管理職の必須マネジメントスキルとして、よくコーチングが取り上げられます。
私も管理職研修の中でコーチングのプログラムを設計することは、少なくありません。
答えを伝えるのではなく、考えさせる、考えを引き出すことで、部下の自律性を育むコミュニケーション。
この、コーチングによって部下の考えを引き出そうとすることは、すばらしいことです。
でも、時にそれが目的になってしまい、引き出すことに固執しすぎていることがあるように感じられます。
コーチングに固執してしまうことで、次のような弊害もあることを頭に入れておくことが重要です。
・部下の中にある答えに依存してしまうため、本人のやる気と経験次第で、上司の求める答えが出てこない。
・そんな中で、上司は目線をあげようと資するあまり、誘導尋問になってしまい、やらされ感が生まれる
・上記の結果として上司部下ともに、期待した答えが出てこないことで、ストレスを感じるコミュニケーションになってしまう。
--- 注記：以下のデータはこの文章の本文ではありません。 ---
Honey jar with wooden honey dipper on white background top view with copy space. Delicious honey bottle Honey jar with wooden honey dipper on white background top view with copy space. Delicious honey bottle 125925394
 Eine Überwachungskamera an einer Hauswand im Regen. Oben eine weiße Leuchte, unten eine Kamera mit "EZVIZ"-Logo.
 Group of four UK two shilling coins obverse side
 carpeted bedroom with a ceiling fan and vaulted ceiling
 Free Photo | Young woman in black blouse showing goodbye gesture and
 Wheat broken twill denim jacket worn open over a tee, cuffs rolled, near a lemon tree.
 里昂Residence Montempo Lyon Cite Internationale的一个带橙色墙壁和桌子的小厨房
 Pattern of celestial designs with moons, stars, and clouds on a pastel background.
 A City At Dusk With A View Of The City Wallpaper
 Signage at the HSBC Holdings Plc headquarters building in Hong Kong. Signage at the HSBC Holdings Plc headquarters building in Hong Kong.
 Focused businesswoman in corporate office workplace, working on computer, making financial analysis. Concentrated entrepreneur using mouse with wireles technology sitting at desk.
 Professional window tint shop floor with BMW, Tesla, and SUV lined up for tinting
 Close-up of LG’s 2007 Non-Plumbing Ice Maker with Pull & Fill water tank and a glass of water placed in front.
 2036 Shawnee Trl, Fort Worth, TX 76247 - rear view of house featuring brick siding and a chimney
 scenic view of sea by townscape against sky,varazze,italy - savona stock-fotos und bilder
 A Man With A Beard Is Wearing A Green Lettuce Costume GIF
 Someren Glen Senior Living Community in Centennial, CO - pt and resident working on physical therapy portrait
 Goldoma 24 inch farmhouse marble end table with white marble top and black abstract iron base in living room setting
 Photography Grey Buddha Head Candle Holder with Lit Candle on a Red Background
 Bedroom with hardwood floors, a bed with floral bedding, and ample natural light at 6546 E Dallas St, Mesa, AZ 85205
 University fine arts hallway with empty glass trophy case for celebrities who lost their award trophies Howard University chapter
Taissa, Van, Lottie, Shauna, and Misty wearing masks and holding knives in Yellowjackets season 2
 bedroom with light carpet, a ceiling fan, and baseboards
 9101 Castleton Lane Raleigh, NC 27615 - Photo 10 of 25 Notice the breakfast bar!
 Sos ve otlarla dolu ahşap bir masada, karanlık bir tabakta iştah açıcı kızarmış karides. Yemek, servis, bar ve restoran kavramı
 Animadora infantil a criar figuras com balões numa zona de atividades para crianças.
最終的に上司の満足する答えにたどり着いたとしても、部下からすると、「それなら初めから言ってくれよ」と心の中で思う結果になってしまう。
コーチングは一手法であって、絶対的な武器でもなければ、引き出すことは目的でもありません。
相手のレベルや業務の状況に応じては、伝える、教えるといったことも必要であることは当然であるし、時には叱るということも管理職の役割です。